Duo who rushed to attack punished

Miramar SWAT members left posts to go to Douglas

- By Linda Trischitta | Staff writer

When a gunman started shooting at Marjory Stoneman Douglas High School, two Miramar SWAT team members did what comes naturally: They went to help. Now they’ve been suspended for it. The officers did not have permission to respond to the shooting in Parkland on Feb. 14, when 17 people were killed. And that created an officer safety issue and left them unaccounta­ble for their actions, according to their police department. But their union reacted differentl­y. “While it may have been a violation of policy to not notify their supervisor­s that they were going there, their intentions were brave and heroic, I think,” Broward County PBA President Jeff Marano said Wednesday.

The SWAT officers who responded were Detective Jeffrey Gilbert and Detective Carl

Schlosser. One of them told supervisor­s he was in the Coral Springs area when the gunfire happened; it’s not known where the other drove from, police spokeswoma­n Tania Rues said.

“They were both close by [the high school],” Rues said.

A third SWAT member, Officer Kevin Gonzalez, was accused of being linked to several social media posts that put the city and police in a negative light, and was suspended for violating the department’s social media policy and the code of conduct, Rues said.

She said she “could not comment further on where he may have posted informatio­n about the mass shooting or what was written.”

All three were notified Feb. 22 of their indefinite removal from what their department called a “privileged program” and were ordered to surrender their SWAT-issued rifles, but they remain on active duty for their other assignment­s, Rues said.

The afternoon of the shooting, Miramar police placed the SWAT team on standby in case a request came from the Broward Sheriff’s Office to assist. That call for the team never came, Rues said.

The Broward Sheriff’s Office said Wednesday it could not confirm whether anyone spoke with Miramar that day, but said Miramar’s SWAT team was not needed during the incident.

Miramar Police sent a victim advocate to help console families, and officers to help direct traffic, Rues said.

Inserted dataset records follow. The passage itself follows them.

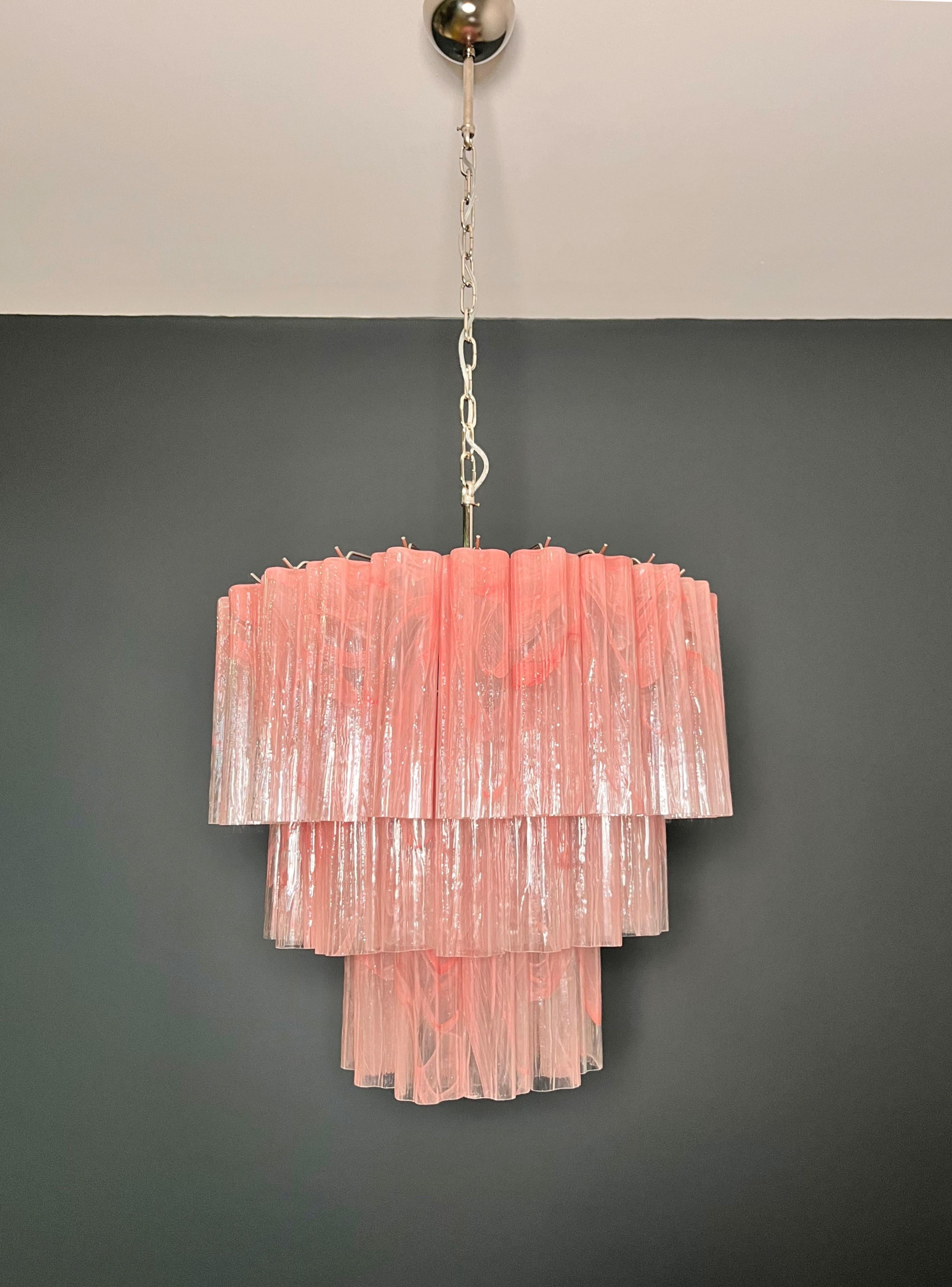 Grandi tubi in vetro di Murano 52 rosa alabastro a tre piani In condizioni buone in vendita a Gaiarine Frazione Francenigo (TV), IT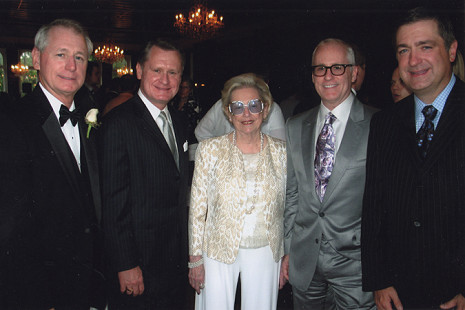 David Gearhart (second from left) with his brother, Van, mother, Joan Gearhart-Havens, and brothers Doug and Jeff; ca. 2008 © Pryor Center for Arkansas Oral and Visual History, University of Arkansas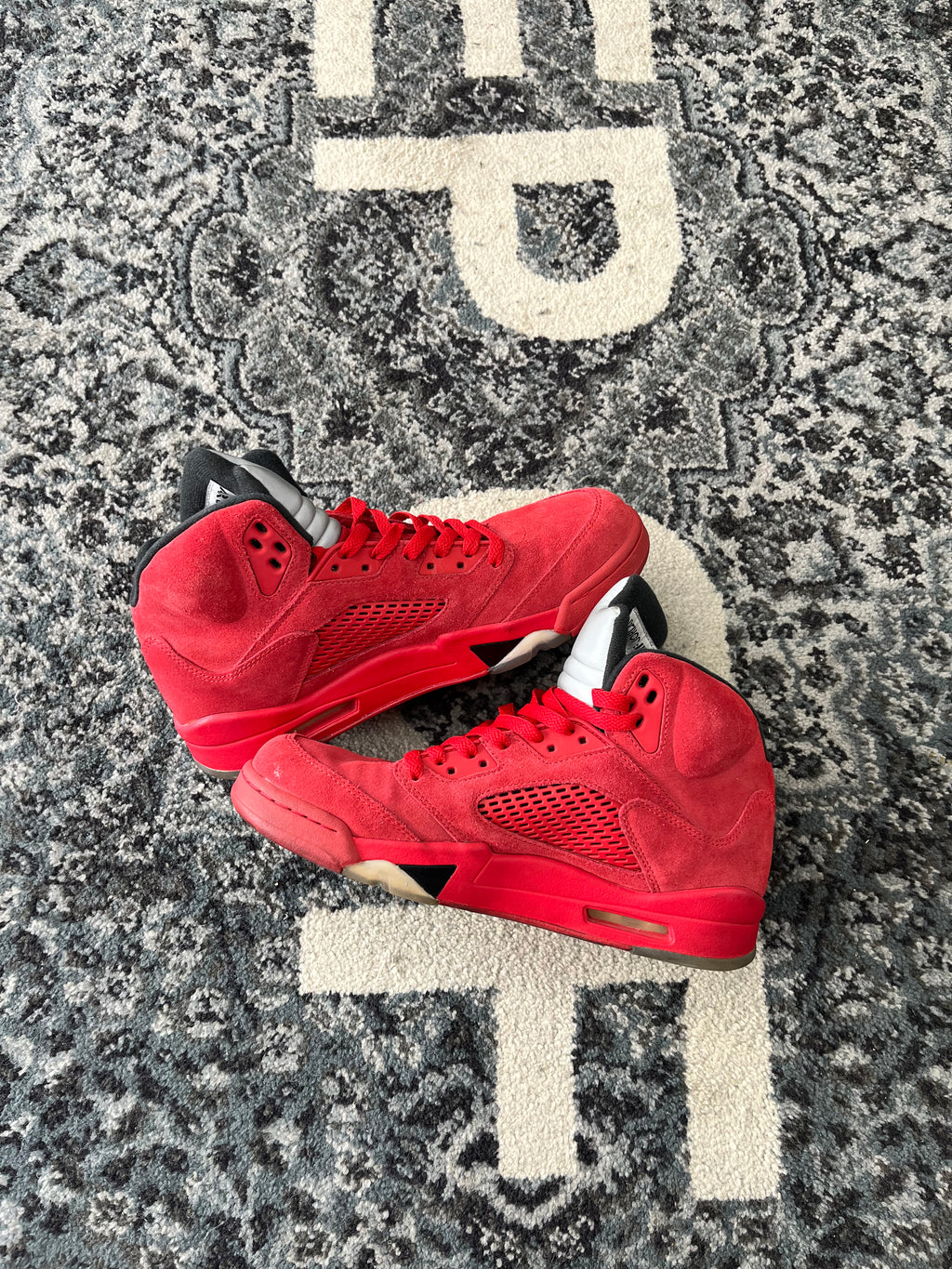 Jordan 5 Raging Bull Size 9 U NB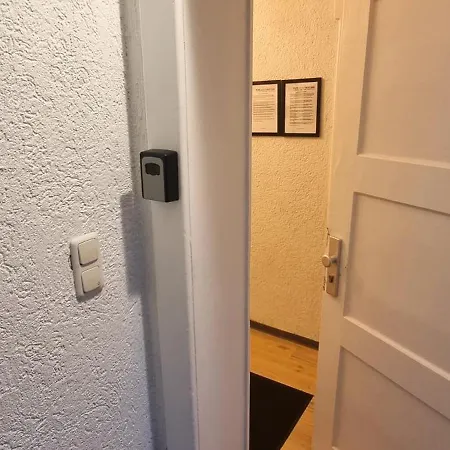 Nigella Direkt Am Hauptbahnhof Fuer 6 Personen Mit Kostenfreiem Parkplatz Voll Ausgestatteter Kueche Elite Standard *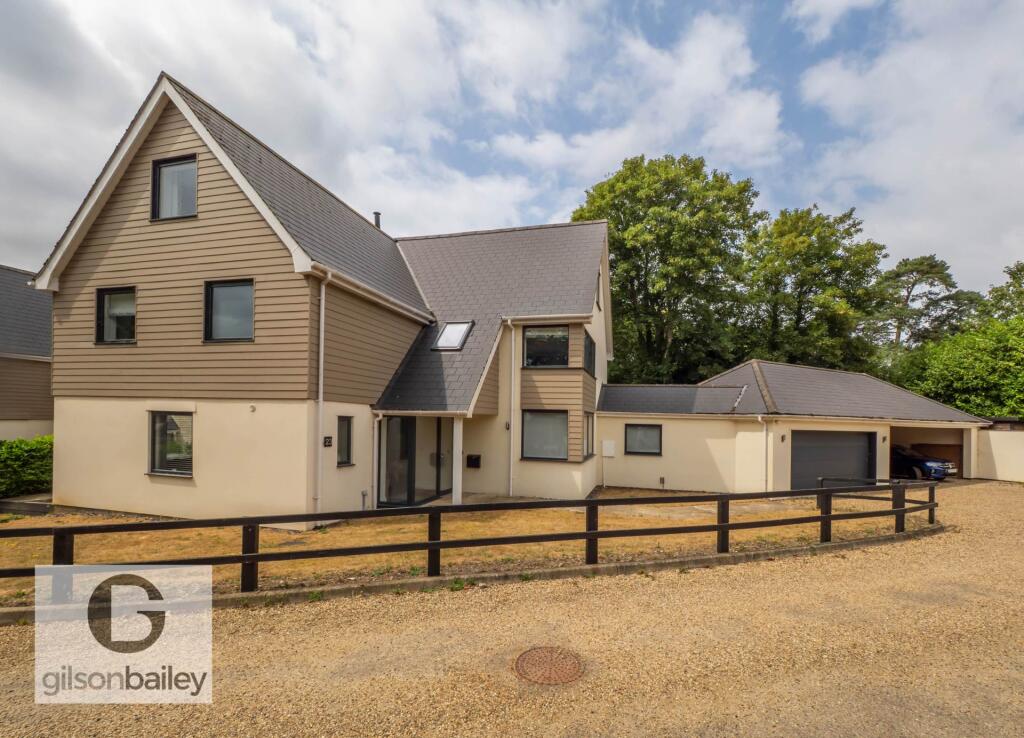 Main image of property: Station New Road, Brundall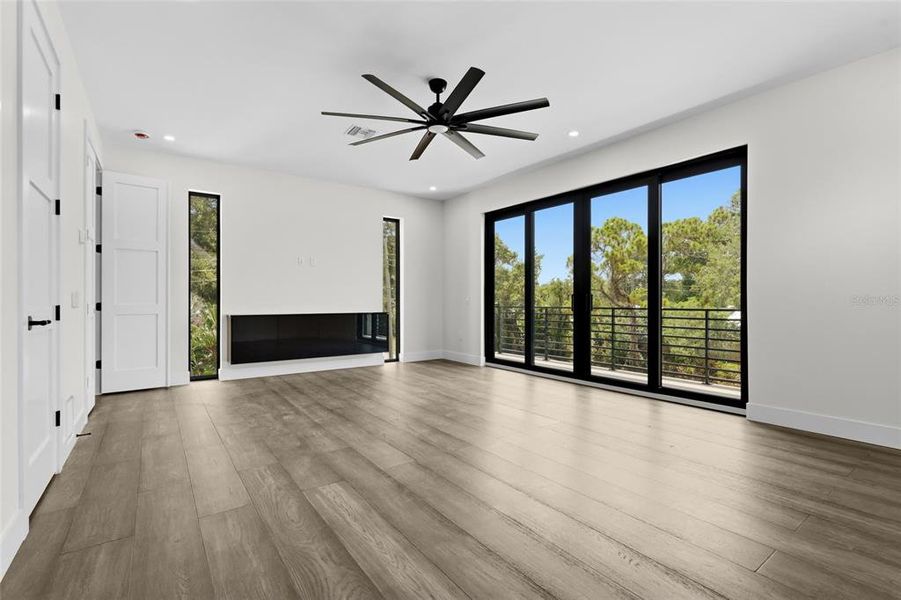 Spacious, unfurnished interior of a new home in , Sarasota (Image 55).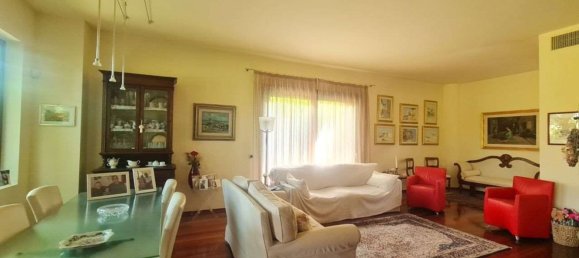 7 bedrooms House in Jesi, Italy No. 371961 4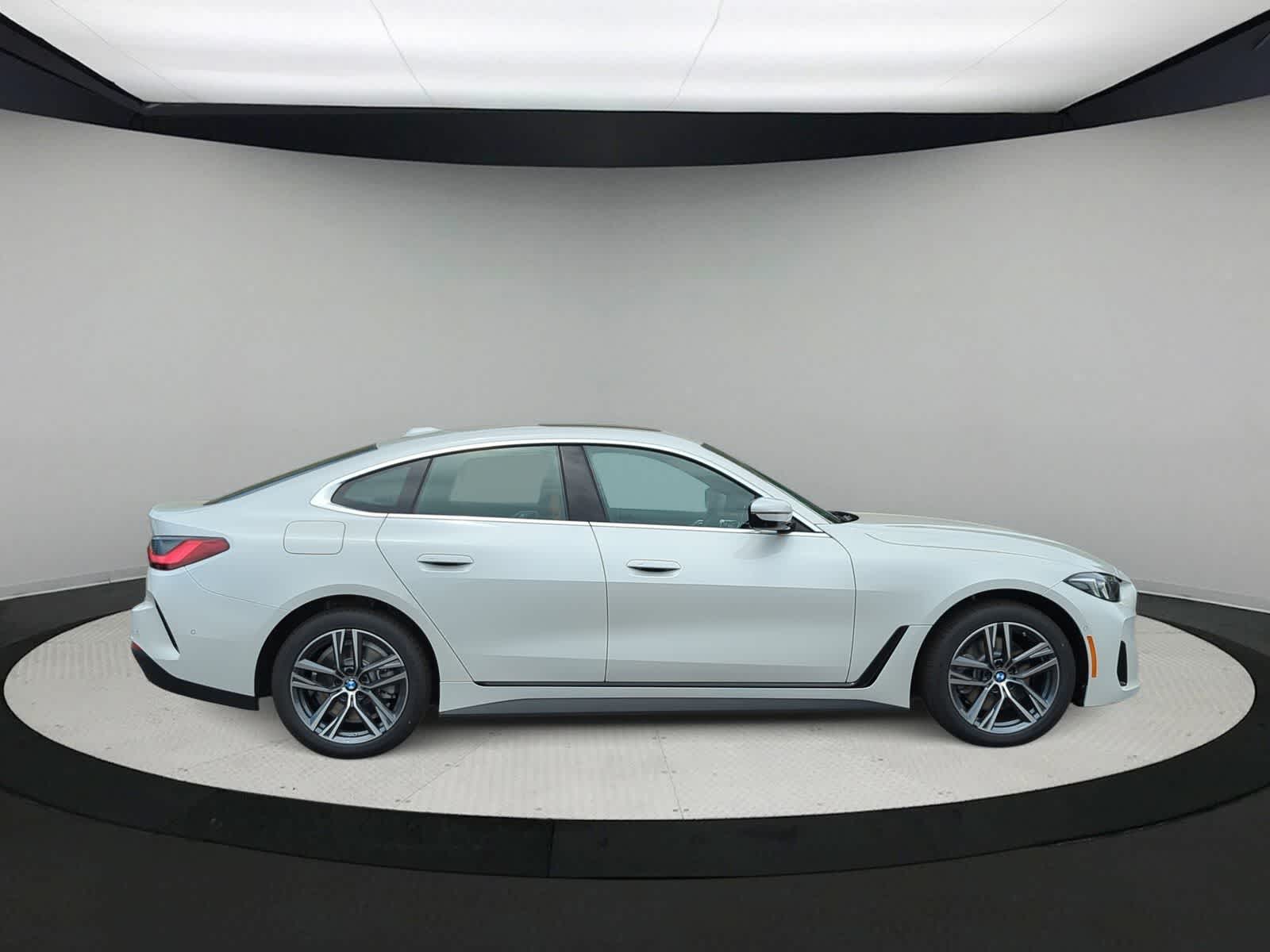 Thumbnail: 2025 BMW 4 Series - 9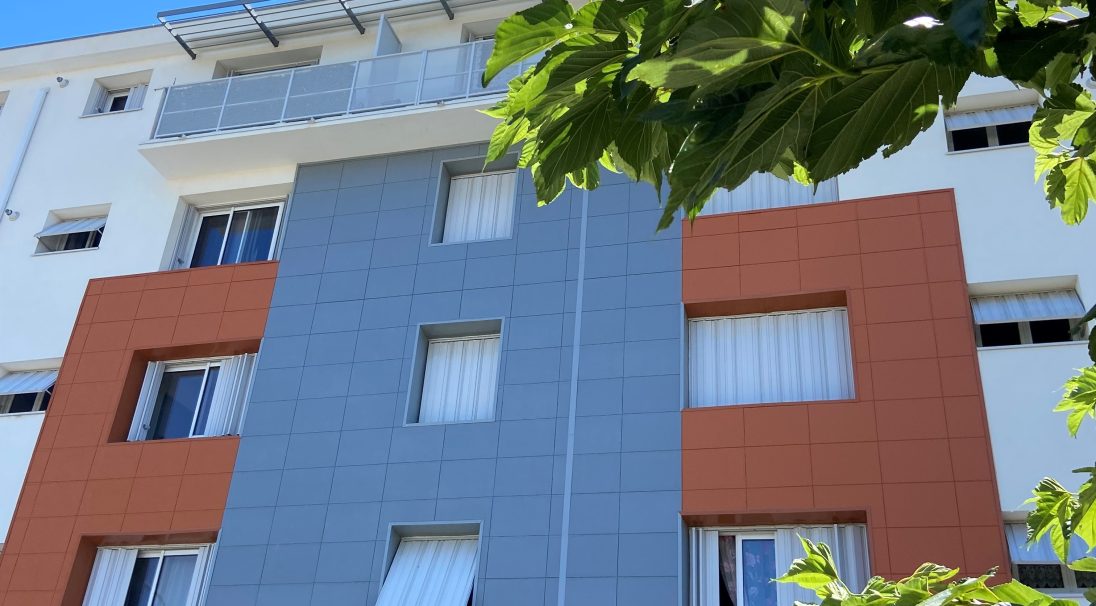 Location: Narbonne (FR), 
Type of construction: Renovation, 
Installation system: Cladding Without Backing Structure (CWoB), 
Products: DUNE & SMOOTH
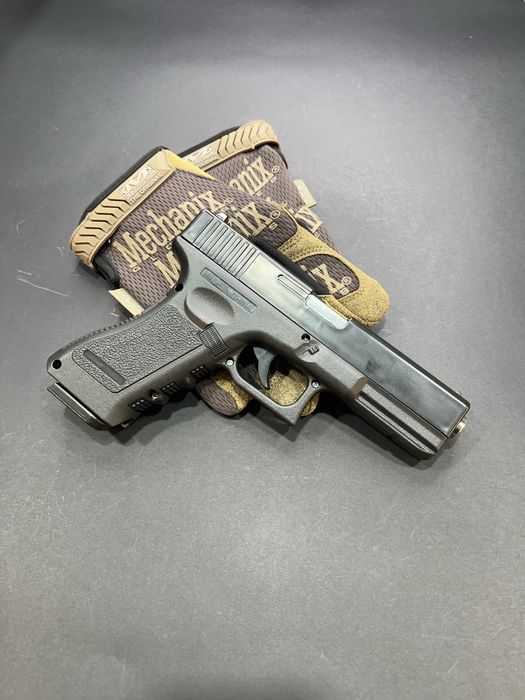 Іграшковий пістолет Glock 17 з маркуванням +500 куль, 6 мм, пружинний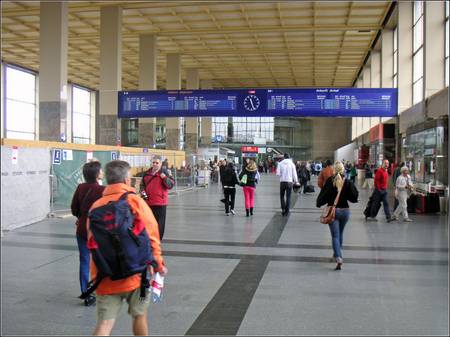 Westbahnhof_Wien_Sept_2008_copyright_Georg_Rigele
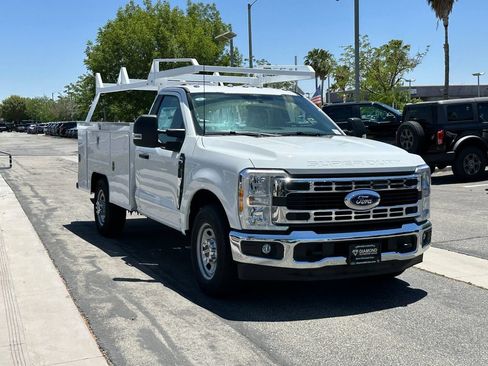 New 2025 Ford F350 XL w/ XL Chrome Package RWD image 7
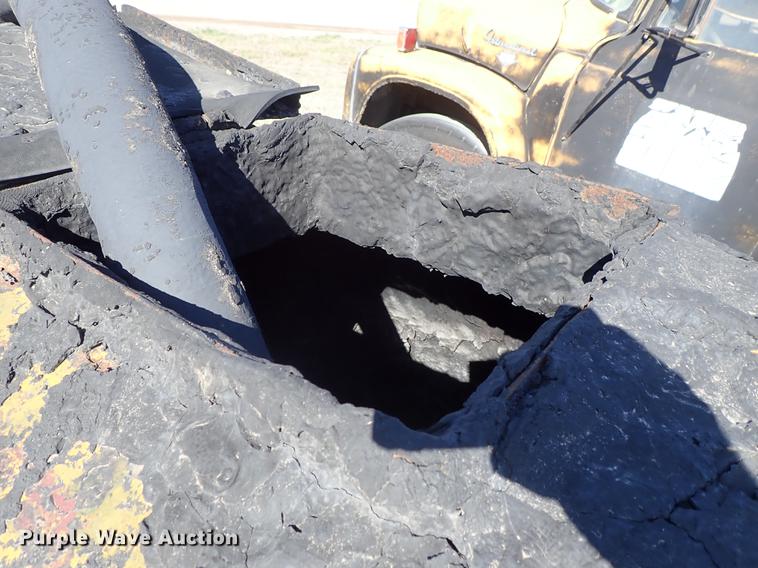 image for item DF8817 Tar pot trailer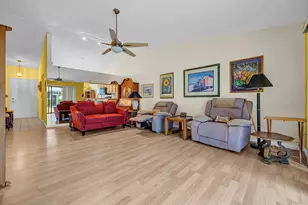 8 Eaton Pl, Boynton Beach, FL 33426 - Photo 13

The instinct to run toward danger is a common one in police officers, often seen during terrorist attacks and mass shootings.

But during the Jan. 6, 2017, shootings at Fort Lauderdale-Hollywood Internatio­nal Airport, over 2,000 cops responded to the original report of gunfire and false reports of additional shots fired, according to a report by the Broward Sheriff’s Office. Five people were killed and six others wounded.

“Police officers have an inherent bias for action, and the minute they hear there’s a violent incident underway their immediate inclinatio­n is to go to it and try to stop the violence that is occurring,” Jim Bueermann, president of the Police Foundation, a Washington, D.C.-based police research organizati­on, told the South Florida Sun Sentinel last June. “And we want that in police officers. The problem is being able to channel that.”

But police response plans around the country have been changed to avoid having cops swarm to scenes. A crowd of arriving law enforcemen­t can jam roads that ambulances need to use, overwhelm radios and add to the general confusion.

Lessons learned from the Aurora, Colo., movie theater shooting and the Fort Lauderdale-Hollywood Internatio­nal Airport shooting “clearly demonstrat­e that a controlled, organized response is what is most effective,” Rues said.